Abstract:
In a diverse country like India, socio-economic factors like religion, caste, language, income along with other common physical, professional based factors, play a vital role while searching for a spouse. With the surge of Internet connectivity, online matrimonial websites have become hugely popular to cater such needs. Most of the users registered on these portals have genuine intention of finding their desired life partner, however due to various factors, it attracts few profiles with no genuine intention for the same. Such profiles are also known as fake profiles. These profiles
lead to bad user experience as well as revenue loss for the online matrimony business. To dig into this problem, we have chosen a use case of India’s leading matrimony site and studied the behaviour, edit and profile differences between fake and genuine accounts. In this thesis, we present a machine learning based approach to identify such fake profiles on online matrimony. Due to lack of labelled examples for in-genuine users, we solve the above problem as anomaly detection problem. In this thesis, we use autoencoder which is widely used algorithm for anomaly detection. We capture user’s behaviour, profile information and edit history to predict him/her as in-genuine
or genuine profile.
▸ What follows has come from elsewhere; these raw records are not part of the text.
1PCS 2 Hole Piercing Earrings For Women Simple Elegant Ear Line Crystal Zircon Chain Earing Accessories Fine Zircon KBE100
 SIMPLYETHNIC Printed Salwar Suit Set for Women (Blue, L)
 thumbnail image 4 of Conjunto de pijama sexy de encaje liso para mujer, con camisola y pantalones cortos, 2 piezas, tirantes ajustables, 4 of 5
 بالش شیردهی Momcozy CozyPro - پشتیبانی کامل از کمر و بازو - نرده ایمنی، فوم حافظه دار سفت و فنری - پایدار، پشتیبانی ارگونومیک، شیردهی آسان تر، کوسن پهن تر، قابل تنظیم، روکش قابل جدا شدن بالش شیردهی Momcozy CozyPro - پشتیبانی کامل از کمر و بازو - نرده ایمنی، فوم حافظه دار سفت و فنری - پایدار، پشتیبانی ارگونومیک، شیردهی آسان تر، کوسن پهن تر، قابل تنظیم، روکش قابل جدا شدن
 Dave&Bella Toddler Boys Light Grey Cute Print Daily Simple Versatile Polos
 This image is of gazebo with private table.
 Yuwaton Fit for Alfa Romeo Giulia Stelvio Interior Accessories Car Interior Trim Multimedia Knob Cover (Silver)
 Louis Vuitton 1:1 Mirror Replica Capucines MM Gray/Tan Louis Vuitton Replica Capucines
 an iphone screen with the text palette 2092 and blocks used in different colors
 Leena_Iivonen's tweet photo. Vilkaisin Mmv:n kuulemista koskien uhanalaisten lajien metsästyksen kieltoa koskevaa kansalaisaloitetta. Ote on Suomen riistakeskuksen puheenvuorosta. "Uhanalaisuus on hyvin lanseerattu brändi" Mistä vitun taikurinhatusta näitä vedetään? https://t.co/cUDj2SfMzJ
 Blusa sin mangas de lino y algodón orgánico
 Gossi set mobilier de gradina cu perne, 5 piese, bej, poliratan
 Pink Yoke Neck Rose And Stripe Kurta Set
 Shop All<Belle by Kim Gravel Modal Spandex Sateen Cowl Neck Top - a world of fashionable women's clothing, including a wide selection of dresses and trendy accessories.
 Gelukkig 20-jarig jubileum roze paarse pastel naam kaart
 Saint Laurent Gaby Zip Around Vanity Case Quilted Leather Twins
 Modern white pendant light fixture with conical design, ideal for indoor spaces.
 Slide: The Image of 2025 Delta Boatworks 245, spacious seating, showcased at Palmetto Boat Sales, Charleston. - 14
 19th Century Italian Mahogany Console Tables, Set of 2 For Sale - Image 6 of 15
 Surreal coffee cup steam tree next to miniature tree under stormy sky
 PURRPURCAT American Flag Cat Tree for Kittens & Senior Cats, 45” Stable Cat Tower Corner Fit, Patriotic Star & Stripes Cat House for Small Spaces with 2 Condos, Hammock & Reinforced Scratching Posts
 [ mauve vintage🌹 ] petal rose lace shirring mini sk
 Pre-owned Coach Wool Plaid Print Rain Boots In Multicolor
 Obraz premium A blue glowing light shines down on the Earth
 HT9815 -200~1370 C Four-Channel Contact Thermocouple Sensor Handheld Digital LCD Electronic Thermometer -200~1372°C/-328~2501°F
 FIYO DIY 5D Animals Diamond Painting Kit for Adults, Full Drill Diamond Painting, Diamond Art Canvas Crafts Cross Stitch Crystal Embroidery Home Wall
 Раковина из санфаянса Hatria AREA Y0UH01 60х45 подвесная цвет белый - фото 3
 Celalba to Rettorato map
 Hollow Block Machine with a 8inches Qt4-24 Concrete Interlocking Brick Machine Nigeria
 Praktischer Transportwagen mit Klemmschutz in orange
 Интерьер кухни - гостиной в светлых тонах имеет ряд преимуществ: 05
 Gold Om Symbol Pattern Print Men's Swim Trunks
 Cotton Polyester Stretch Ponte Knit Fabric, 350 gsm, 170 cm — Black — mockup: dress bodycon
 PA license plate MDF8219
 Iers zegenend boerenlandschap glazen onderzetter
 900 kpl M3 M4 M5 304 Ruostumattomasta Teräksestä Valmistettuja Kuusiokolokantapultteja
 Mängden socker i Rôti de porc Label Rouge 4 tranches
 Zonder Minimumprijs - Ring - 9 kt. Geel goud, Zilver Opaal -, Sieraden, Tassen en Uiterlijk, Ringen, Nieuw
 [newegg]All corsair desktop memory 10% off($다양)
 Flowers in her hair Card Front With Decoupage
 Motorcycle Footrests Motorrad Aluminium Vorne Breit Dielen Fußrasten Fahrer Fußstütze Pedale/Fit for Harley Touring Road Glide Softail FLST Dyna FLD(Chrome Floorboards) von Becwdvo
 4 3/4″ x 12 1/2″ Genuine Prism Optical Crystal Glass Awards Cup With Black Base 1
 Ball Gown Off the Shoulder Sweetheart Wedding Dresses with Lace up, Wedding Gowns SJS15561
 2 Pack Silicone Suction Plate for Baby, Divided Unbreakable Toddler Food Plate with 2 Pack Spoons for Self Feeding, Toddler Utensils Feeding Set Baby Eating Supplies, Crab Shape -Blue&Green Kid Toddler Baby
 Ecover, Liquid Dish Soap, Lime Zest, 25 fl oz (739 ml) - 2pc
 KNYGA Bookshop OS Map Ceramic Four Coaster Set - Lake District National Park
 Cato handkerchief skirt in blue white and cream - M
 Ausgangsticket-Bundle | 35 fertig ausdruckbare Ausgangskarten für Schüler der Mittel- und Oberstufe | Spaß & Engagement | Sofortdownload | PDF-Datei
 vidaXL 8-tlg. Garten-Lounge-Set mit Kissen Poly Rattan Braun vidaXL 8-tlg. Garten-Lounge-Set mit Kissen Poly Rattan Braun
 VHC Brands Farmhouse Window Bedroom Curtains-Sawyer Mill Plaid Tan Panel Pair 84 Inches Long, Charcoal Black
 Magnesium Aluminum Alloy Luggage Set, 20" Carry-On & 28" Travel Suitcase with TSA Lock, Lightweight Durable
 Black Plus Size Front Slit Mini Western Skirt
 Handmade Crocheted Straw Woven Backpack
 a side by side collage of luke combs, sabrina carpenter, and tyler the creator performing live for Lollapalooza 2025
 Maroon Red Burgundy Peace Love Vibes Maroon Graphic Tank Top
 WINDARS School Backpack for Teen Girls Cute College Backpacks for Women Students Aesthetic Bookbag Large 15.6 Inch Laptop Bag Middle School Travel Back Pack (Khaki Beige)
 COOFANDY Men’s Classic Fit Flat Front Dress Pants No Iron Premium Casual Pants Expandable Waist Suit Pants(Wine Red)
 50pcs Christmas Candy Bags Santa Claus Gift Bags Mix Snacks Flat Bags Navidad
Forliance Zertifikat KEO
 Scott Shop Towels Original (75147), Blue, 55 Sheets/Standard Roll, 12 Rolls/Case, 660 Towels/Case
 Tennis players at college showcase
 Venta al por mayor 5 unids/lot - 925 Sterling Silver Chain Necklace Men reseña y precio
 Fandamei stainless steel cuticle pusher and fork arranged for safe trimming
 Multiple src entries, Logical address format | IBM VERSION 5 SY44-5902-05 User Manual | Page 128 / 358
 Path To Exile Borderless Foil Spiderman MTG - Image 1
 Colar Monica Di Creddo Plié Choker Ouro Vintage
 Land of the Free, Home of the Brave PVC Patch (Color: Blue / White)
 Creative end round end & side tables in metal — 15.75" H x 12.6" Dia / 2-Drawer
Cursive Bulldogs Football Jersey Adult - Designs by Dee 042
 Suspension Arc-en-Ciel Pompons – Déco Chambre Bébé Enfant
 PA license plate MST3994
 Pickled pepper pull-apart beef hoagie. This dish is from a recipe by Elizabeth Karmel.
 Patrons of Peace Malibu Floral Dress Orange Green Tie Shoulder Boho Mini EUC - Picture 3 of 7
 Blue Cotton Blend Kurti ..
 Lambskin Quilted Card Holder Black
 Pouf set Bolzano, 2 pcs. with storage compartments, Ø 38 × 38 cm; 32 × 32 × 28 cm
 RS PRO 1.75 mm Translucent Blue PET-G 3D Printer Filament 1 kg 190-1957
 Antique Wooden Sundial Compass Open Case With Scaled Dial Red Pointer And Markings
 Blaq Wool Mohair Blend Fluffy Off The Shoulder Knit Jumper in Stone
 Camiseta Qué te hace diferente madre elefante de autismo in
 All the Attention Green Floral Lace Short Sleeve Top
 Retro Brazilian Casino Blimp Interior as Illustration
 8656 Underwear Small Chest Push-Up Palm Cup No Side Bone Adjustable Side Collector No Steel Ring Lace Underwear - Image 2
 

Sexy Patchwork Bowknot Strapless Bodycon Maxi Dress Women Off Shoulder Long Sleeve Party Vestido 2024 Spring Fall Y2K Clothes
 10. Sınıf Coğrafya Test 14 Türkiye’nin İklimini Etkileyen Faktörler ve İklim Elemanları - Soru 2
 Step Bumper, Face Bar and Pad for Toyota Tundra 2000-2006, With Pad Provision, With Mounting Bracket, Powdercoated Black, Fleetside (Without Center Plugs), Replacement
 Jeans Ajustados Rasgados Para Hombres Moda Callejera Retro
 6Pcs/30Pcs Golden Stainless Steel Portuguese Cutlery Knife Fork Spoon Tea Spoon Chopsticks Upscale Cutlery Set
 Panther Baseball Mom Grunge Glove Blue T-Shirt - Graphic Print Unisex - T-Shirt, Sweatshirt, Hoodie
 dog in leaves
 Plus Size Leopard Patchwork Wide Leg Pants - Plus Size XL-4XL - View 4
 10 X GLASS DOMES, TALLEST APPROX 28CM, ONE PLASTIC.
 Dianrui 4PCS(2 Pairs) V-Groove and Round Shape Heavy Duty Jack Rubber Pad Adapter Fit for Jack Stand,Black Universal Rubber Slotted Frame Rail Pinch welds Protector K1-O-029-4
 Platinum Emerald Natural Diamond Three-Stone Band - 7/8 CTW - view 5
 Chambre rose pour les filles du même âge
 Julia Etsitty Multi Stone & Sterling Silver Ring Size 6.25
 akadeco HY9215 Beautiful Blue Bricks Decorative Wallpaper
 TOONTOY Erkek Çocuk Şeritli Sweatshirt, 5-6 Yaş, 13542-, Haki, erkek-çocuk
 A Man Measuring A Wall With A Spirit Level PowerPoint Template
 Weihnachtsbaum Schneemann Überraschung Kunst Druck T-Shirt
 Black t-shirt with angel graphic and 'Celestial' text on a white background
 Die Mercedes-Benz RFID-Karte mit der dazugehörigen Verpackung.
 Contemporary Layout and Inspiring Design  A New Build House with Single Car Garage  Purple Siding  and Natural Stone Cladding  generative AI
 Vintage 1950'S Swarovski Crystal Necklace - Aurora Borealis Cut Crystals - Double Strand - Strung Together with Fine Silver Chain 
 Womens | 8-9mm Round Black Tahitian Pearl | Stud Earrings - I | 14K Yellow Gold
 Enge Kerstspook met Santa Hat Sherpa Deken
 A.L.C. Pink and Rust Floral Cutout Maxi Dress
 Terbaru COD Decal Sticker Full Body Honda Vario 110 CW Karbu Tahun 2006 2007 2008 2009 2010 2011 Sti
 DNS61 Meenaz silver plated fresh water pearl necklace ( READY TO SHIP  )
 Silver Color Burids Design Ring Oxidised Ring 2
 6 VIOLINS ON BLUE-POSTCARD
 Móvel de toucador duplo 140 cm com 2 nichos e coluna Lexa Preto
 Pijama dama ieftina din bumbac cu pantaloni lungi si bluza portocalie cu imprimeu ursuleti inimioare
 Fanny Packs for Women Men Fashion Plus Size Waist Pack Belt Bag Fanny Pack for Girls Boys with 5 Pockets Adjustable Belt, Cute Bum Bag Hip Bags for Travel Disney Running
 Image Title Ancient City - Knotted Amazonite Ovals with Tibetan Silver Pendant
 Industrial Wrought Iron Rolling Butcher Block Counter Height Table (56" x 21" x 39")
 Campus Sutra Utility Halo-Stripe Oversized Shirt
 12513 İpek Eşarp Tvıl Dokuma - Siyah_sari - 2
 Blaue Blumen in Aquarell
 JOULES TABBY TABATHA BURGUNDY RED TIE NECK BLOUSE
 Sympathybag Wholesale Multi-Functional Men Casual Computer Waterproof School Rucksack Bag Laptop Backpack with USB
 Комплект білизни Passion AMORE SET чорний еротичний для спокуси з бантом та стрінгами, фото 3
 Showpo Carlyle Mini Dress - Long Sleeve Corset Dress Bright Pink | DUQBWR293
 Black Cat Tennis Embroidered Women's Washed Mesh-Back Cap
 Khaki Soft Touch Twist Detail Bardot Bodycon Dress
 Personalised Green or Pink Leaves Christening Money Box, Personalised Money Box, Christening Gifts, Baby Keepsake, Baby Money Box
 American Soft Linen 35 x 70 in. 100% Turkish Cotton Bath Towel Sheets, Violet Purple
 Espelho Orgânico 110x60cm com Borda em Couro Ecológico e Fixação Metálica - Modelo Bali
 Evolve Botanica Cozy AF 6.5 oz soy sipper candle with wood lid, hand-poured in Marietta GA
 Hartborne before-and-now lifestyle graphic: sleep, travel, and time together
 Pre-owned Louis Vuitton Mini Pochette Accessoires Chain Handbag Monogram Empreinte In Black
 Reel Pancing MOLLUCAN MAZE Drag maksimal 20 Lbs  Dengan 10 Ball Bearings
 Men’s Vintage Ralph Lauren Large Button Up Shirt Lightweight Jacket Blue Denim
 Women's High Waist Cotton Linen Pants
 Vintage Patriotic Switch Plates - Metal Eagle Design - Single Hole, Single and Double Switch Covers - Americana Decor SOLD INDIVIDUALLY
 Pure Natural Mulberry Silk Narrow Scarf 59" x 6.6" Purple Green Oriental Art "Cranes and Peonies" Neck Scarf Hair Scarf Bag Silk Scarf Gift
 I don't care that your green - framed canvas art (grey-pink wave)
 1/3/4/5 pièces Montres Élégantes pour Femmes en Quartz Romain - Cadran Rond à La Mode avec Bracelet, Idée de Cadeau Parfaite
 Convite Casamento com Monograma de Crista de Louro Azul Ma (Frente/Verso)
We then treat this problem as a reconstruction task using autoencoder which is trained on a set of genuine profiles features. While prediction, the autoencoder shows small reconstruction error for genuine profiles and a very high reconstruction error for the fake profiles and detect them. The proposed system produces 91.76% accuracy with 90.2% recall for fake class. To the best of our knowledge, this is the first study done to detect fake profiles in online matrimony domain.